Provided material START
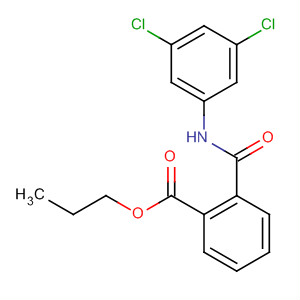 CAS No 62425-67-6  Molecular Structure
Provided material END
Provided material START
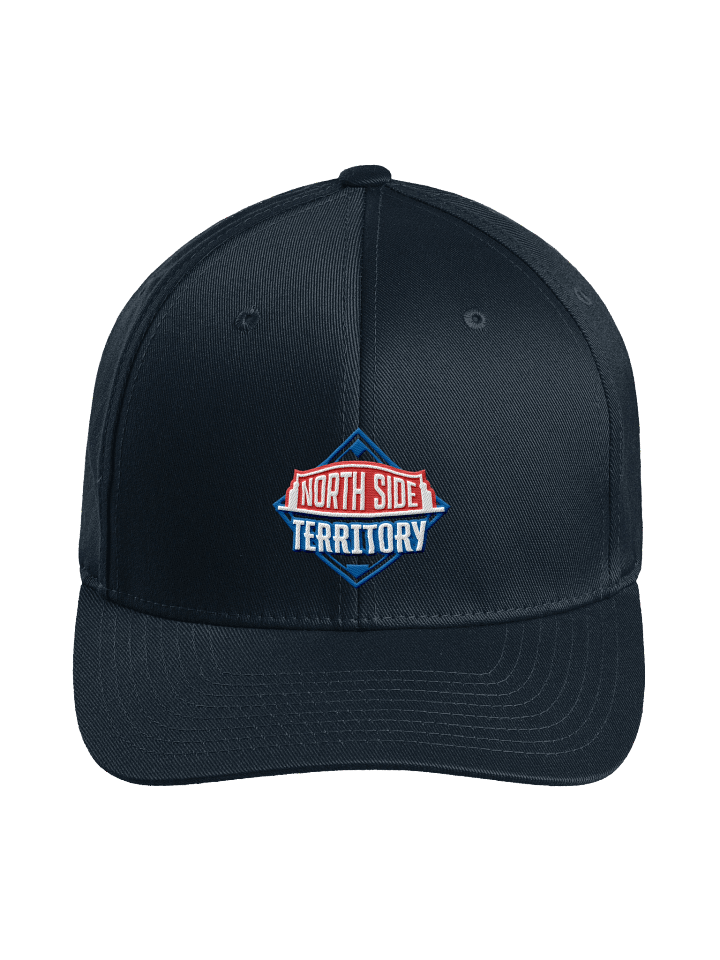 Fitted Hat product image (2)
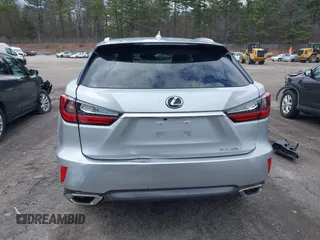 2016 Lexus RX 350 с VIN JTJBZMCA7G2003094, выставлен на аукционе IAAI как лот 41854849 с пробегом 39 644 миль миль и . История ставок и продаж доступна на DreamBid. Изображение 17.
Provided material END
**Work to complete:**
An exact transcription is needed of the lines from the one with "Fitted Hat product image (2)" to the one with "2016 Lexus RX" above, both ends included, with pictures left out.

**Solution:**
 Fitted Hat product image (2)
 2016 Lexus RX 350 с VIN JTJBZMCA7G2003094, выставлен на аукционе IAAI как лот 41854849 с пробегом 39 644 миль миль и . История ставок и продаж доступна на DreamBid. Изображение 17.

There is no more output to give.